# Replacing my 4k stone



## northcack (Jan 21, 2013)

Here is my current sharpening setup -

Shapton GS 1k
Shapton GS 4k
and, recently added, Naniwa 8k 'Snow White'

I am relatively happy with my Shapton 1k. I'm kicking around the idea of purchasing a Nubatama Ume 'speckled' 1k, but I can get a good edge with my Shapton and I appreciate how fast working it is.

I absolutely love my Naniwa 8k. Super soft, great feedback. It is a joy to use. I might even spend more time on it than necessary with certain knives, getting a more polished edge than I want - it's that fun to use.

But lately I've been feeling unsatisfied with my 4k. To me (as a novice), it feels too hard and does not really give me the feedback I desire.

Right now I'm looking at:

-- Naniwa 2k Green Brick

Based off how much I enjoy the 8k. It is my understanding that depending on the mud it can get up to the 5k range, allowing me to use it between my 1k & 8k

-- Suehiro Rika 5k

and, on the higher end money wise, 

-- Gesshin 4k

Splash & go or pre-soak is not an issue for me. I don't normally bring my stones to work so time is not an issue.

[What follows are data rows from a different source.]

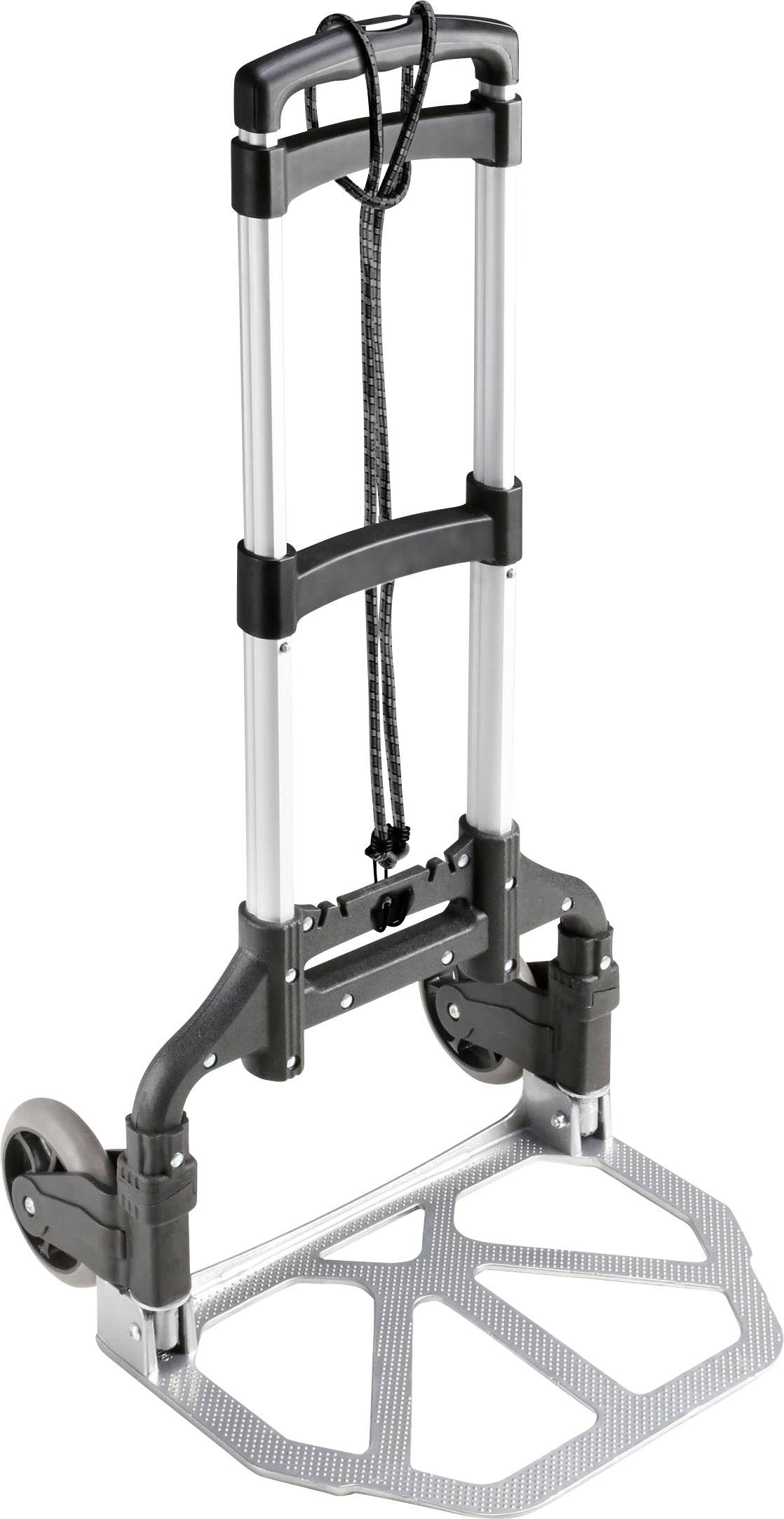 Ein klappbarer Transportwagen mit zwei Rädern und verstellbarem Griff, ideal zum Transport schwerer Gegenstände im Haushalt oder Büro.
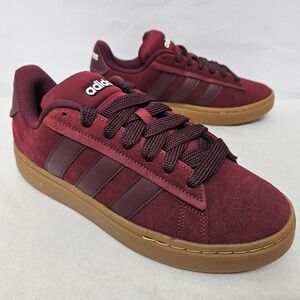 Adidas Grand Court Alpha 00s Sneakers JQ3009 Burgundy Suede Gum Mens Size 9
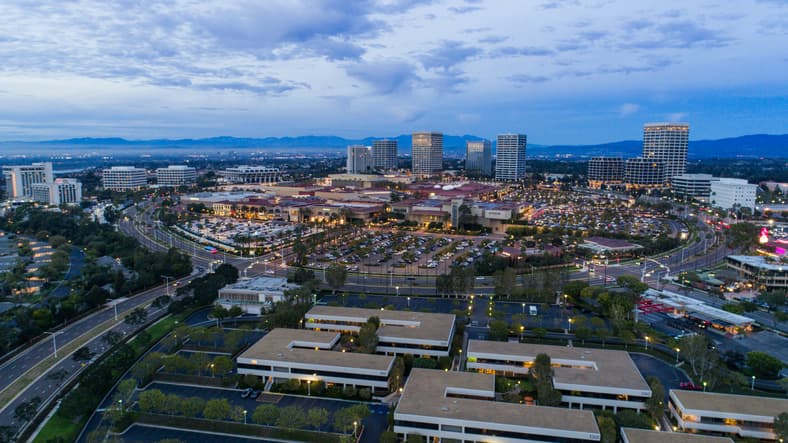 Beautiful Newport Beach in Orange County, Southern California just after sunset.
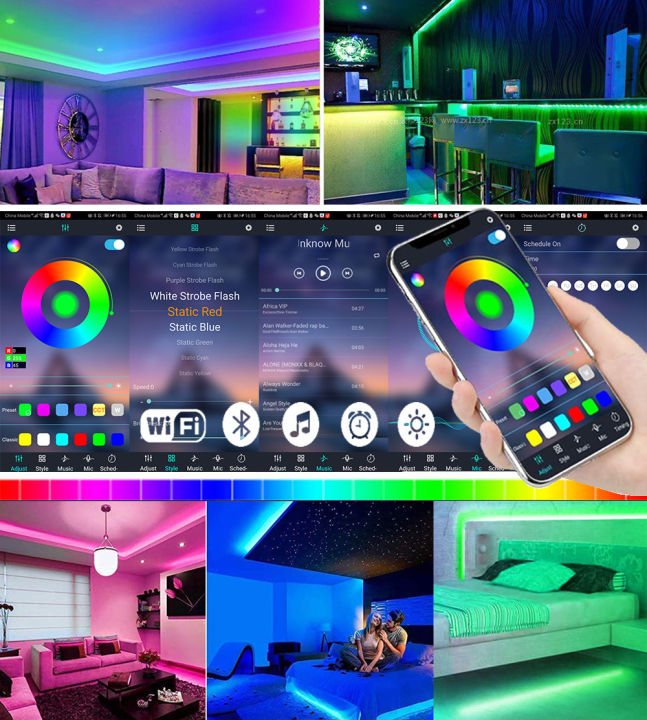 acedeal-3-100เมตร-smd5050คู่แถว-led-strip-light-220v-กันน้ำ-rgb-รีโมทคอนโทรล-wifi-บลูทูธ-app-ควบคุมยืดหยุ่นไฟภายในห้องพักโคมไฟสำหรับบันไดทางเดินห้องครัวห้องนั่งเล่น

I've seen some folks prefer to perma-soak certain stones. Is this a convience issue alone, or does it have an effect on performance as well?

Any help is appreciated


----------



## knifesavers (Oct 5, 2011)

NorthCack said:


> -- Gesshin 4k
> 
> Splash & go or pre-soak is not an issue for me. I don't normally bring my stones to work so time is not an issue.
> 
> ...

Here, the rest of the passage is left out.